◆ YOUR ASSIGNMENT
Reproduce word for word the lines between the one containing "Rumah hoek ,rapi" and the end of the entries below, both inclusive; leave out pictures.

▬▬▬▬▬▬

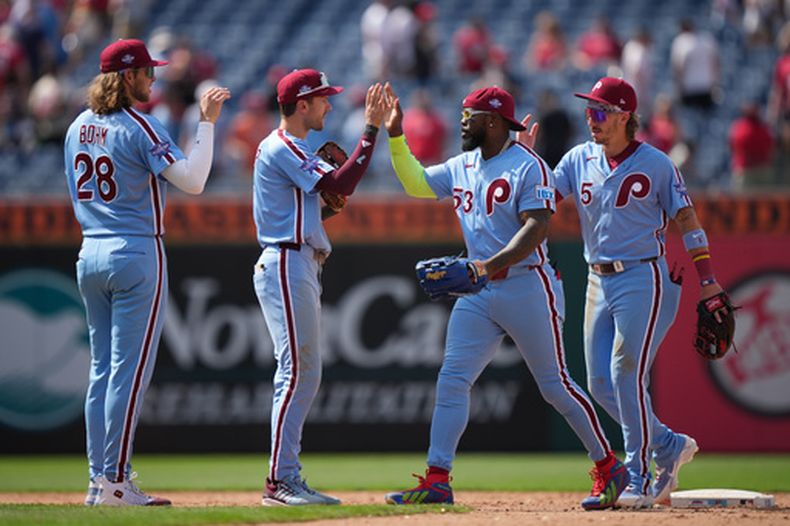 Los jugadores de los Filis de Filadelfia, desde la izquierda, Alec Bohm, Trea Turner, Adolis García y Bryson Stott celebran después de ganar un partido de béisbol contra los Padres de San Diego, el jueves 4 de junio de 2026, en Filadelfia. (Foto AP/Matt Rourke)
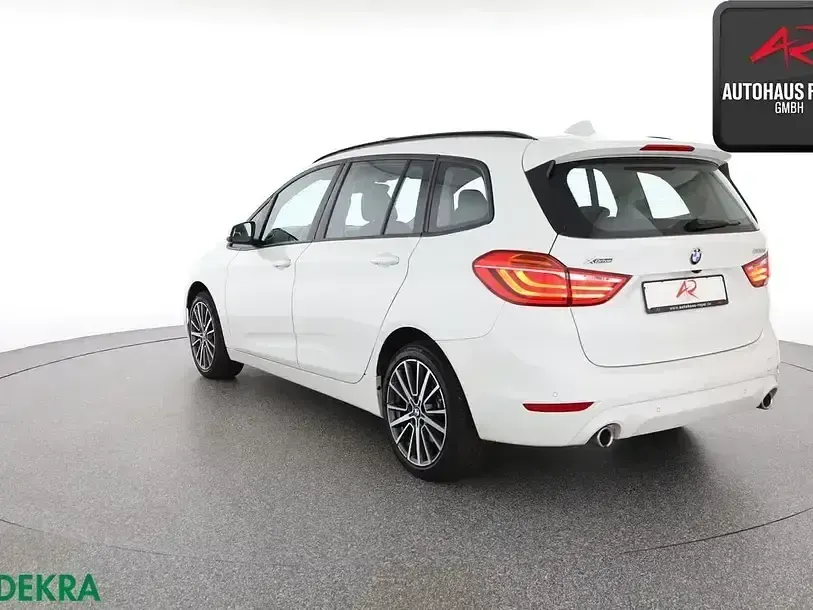 Gebraucht BMW 220 Advantage 190 PS (139 kW) 2018 Alpinweiss iii Kombi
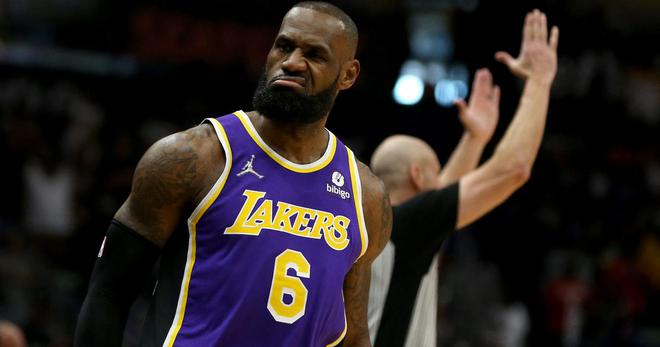 NBA : LeBron James va prolonger jusqu'en 2025 avec les Lakers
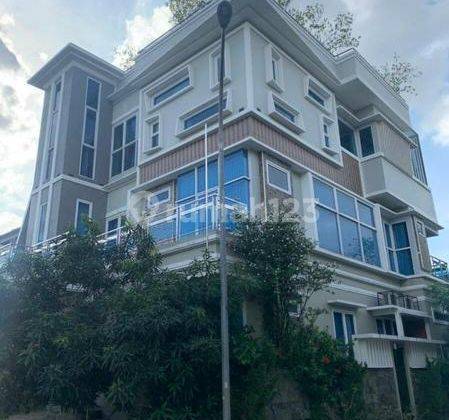 Rumah hoek ,rapi modern furnished di cluster Graha Raya Tang Sel  1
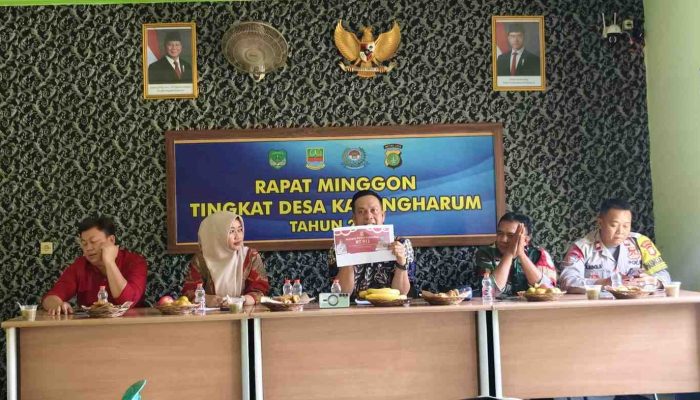 Kades Karang Harum Bahas Persiapan HUT RI Ke-80 Dan Hari Jadi Kabupaten Bekasi Ke-78 Dalam Rapat Minggon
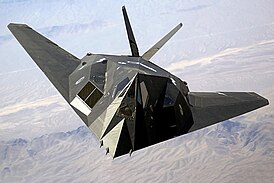 F-117 над пустыней Невада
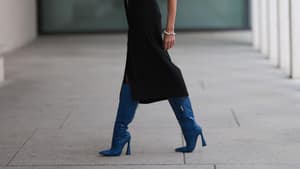 Frau mit blauen Stiefeln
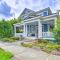 Elegant Raleigh Home with Porch, Walk Downtown!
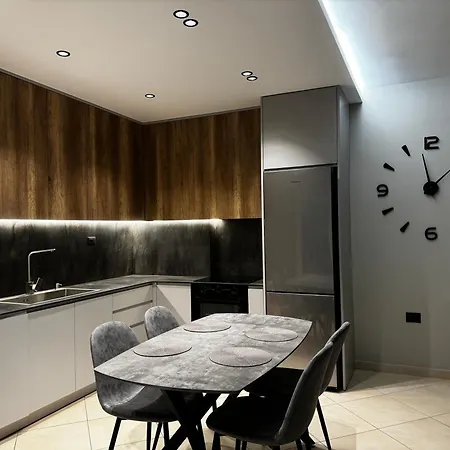 Prive Luxury -city Center & Seaside In 1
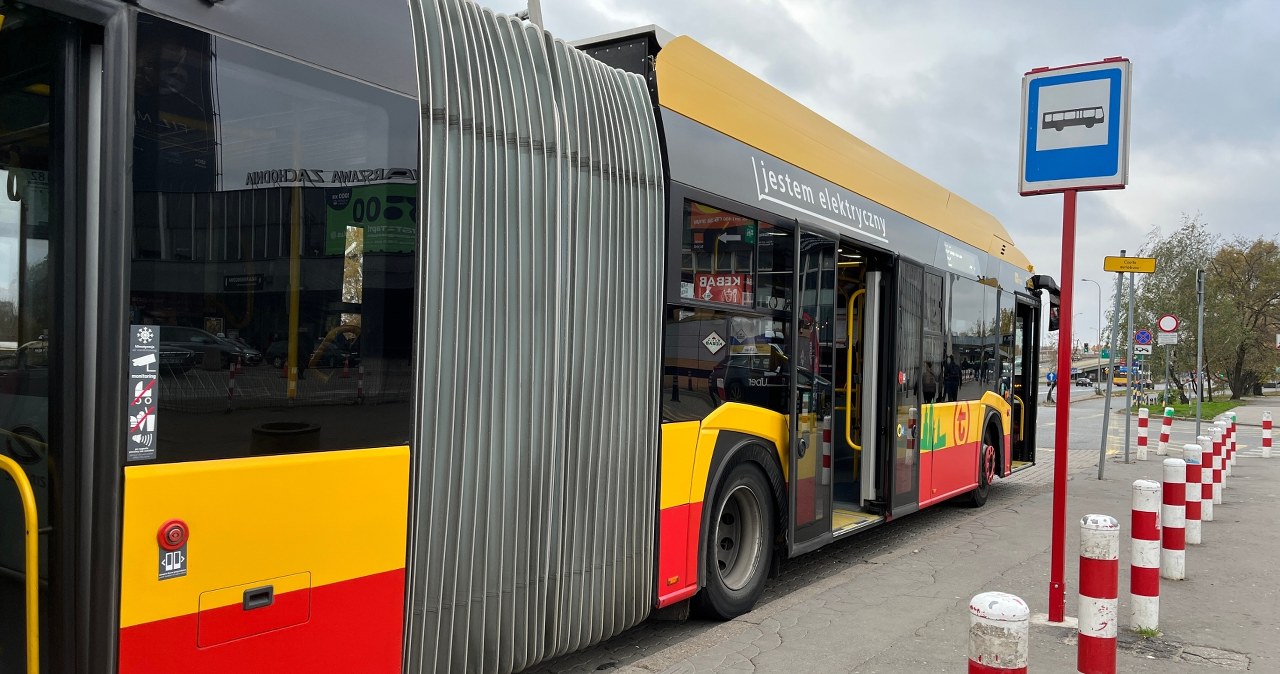 Zderzenie BMW z autobusem miejskim w Markach. Są ranni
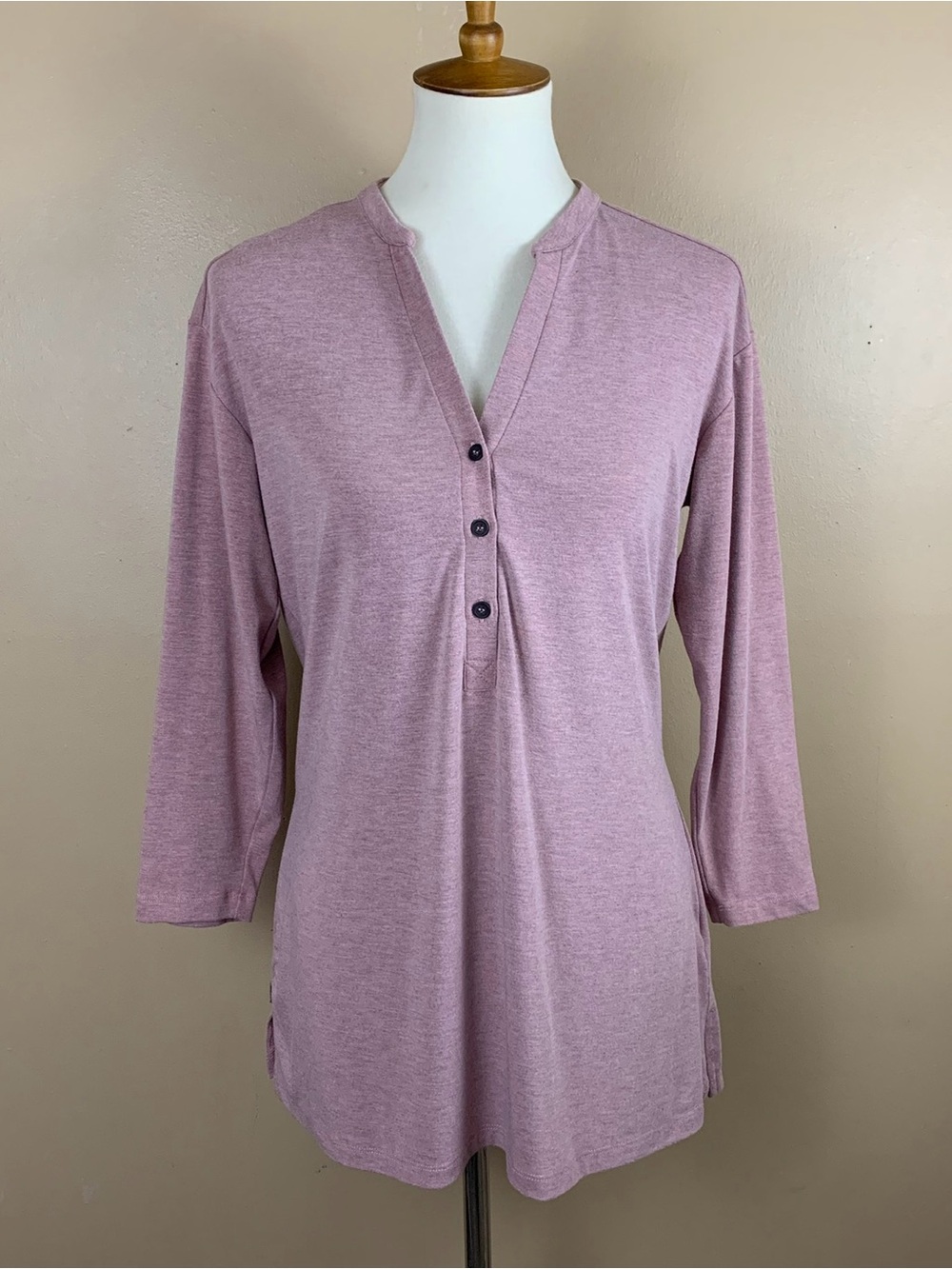 Free Fly Womens Medium Heather Pink Bamboo Flex Performance Henley Shirt Tunic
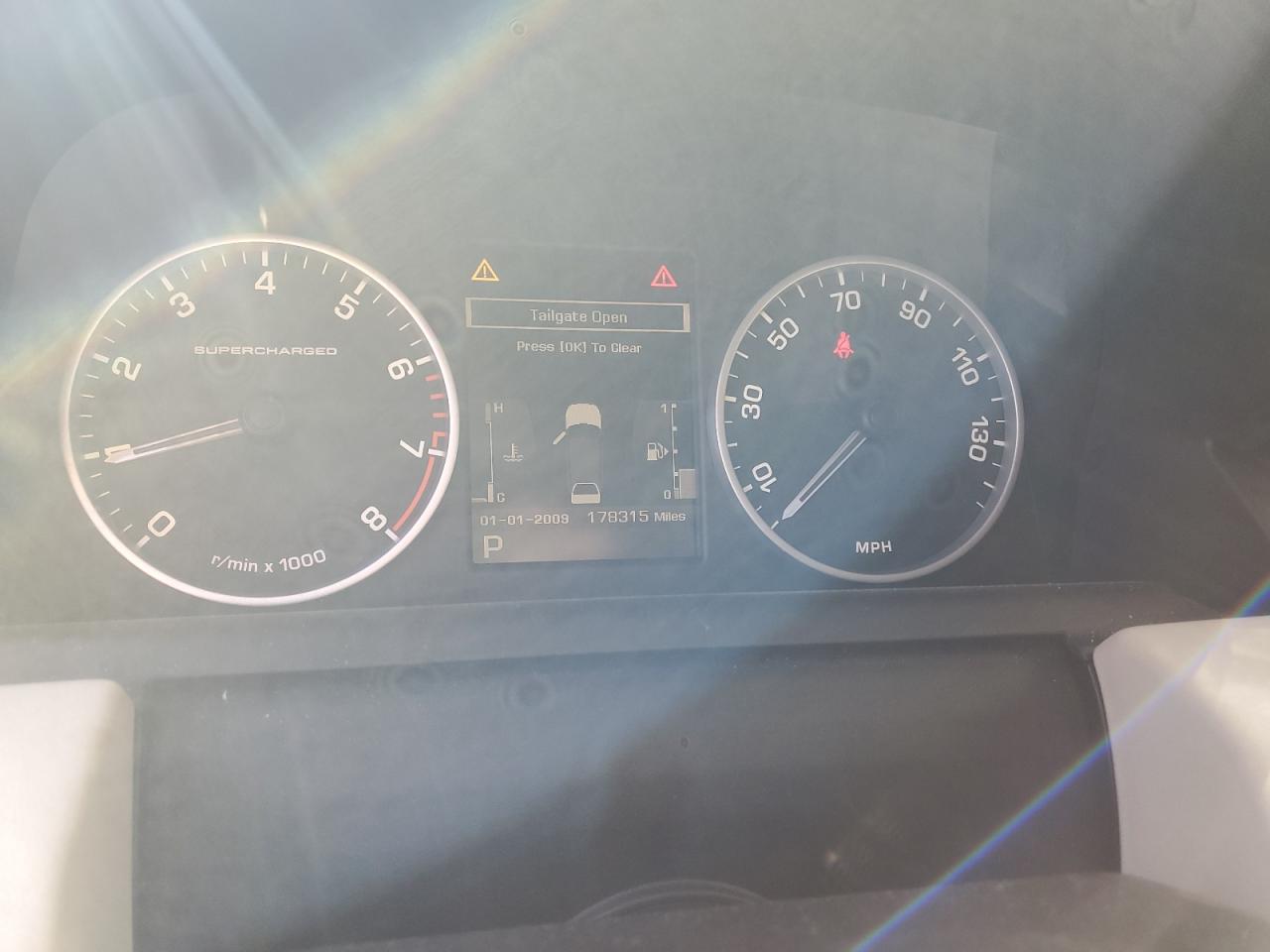 2010 Land Rover Range Rover - Image 9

▬▬▬▬▬▬

◆ SOLUTION TO THIS PROBLEM
 Rumah hoek ,rapi modern furnished di cluster Graha Raya Tang Sel  1
 Kades Karang Harum Bahas Persiapan HUT RI Ke-80 Dan Hari Jadi Kabupaten Bekasi Ke-78 Dalam Rapat Minggon
 F-117 над пустыней Невада
 Frau mit blauen Stiefeln
 Elegant Raleigh Home with Porch, Walk Downtown!
 Prive Luxury -city Center & Seaside In 1
 Zderzenie BMW z autobusem miejskim w Markach. Są ranni
 Free Fly Womens Medium Heather Pink Bamboo Flex Performance Henley Shirt Tunic
 2010 Land Rover Range Rover - Image 9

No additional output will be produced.